Thursday, January 05, 2006

Death in the Afternoon

For some reason I ignored it for an hour. I guess you just get used to parrot noises when you live with one. After about an hour of his chirping, however, it finally struck me that the sound emanated not from the living room where JouJou's cage resides but from my office window. I threw on my anniversary flip-flops and went for a walk.

I found him sitting on the peak of my neighbor's roof -- a grey and green monk parakeet, with only a nub for a left foot. Monks are the most common parrot found wild in the United States. There are over 10,000 naturalized birds in Florida alone, the survivors of escaped and released pets and their progeny. However, the nearest known colony of monks can be found in Sanford, and this particular fellow struck me as tame.

As soon as I walked out he interacted with me. He bobbed his head and mimicked my mimicking of his chirps. I spread some bird seed and held out my arm, but he wasn't sure what to do. Maybe it was his nub-foot. He couldn't very easily fly down and land on my arm with only one working appendage. Besides, he had been chirping outside my window for an hour. Maybe he could not fly at all. Maybe his wings were also injured.

I called my wife. She encouraged me to try new methods. Would our ladder reach the neighbor's roof? It was a low sloping roof, almost flat, but no, our ladder was too short. I held out a broken branch, thinking the little monk might climb down it. He just bobbed and chirped. I could tell he wanted to come down -- he just didn't know how to pull it off.

Two years ago, my bird Bennie flew away. He was a peach-faced lovebird, the most attractive peach-faced I've ever known. He flew away when my wife removed his water dish to refill it while forgetting to close the back sliding glass door. He jumped right through the hole and flew away, never to be seen or heard from again. Whenever we speak of him, my wife and I agree that he took a job as a traveling insurance salesman -- the game of make-believe is easier than talking about the truth, that he was probably picked off by a hawk. I know it is ludicrous to be devastated by the loss of a bird, but I still mourn him every now and again.

It was Bennie I thought of when I first noticed the hawk, circling high above a low flying jet on its way to Orlando International Airport. The hawk was practically in orbit. He was no threat to the little monk. I ran inside to grab an apple and a knife.

I returned a few minutes later and cut a few pieces of apple for the little monk, and he definitely responded. I could tell he was hungry. He wanted to indulge in the apple, if only he had an extra foot. I couldn't think of anything else to try. I looked around at the sky again, and I couldn't see the hawk anymore. I looked over to my left and realized that if I could draw the little monk toward the front of the house, he could probably walk across the branch of a tree there where I could reach him.
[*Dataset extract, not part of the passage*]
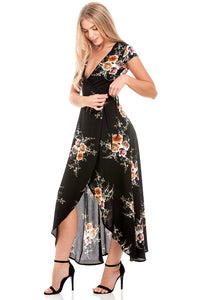 Black Floral Wrap Dress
I cut a few more pieces of apple, held them up for him to see, and walked off to the front of the house.

At first he seemed agitated that I had moved. He squawked in frustration. After a few minutes of bobbing and chirping, however, he finally understood what it was I wanted him to do. He circled in place once, then turned around, and walked backward down the slop of the roof. My plan had worked. In just a moment I would have him in hand and take him to the safety of my home. If I could save a one-footed monk, was it possible that someone had once saved Bennie? Could Bennie still be out there somewhere, entertaining some friendly blue-hair with his clownish antics? The monk was less than three feet away from me when the flash of black made him disappear. It happened too quickly for my brain to process it. It wasn't so much the sight of it as the terrible sound that made it possible for me to compute the information. The sound a bird makes when he's being killed by a much larger, faster bird.

I swung around to see where the hawk had gone. I guess a part of me had hoped the hawk might have misfired, might have just glazed the monk. Maybe the parrot would fall from the sky into my arms, a little worse for wear but all in all okay. But the hawk had vanished and the monk with it. All in a matter of seconds.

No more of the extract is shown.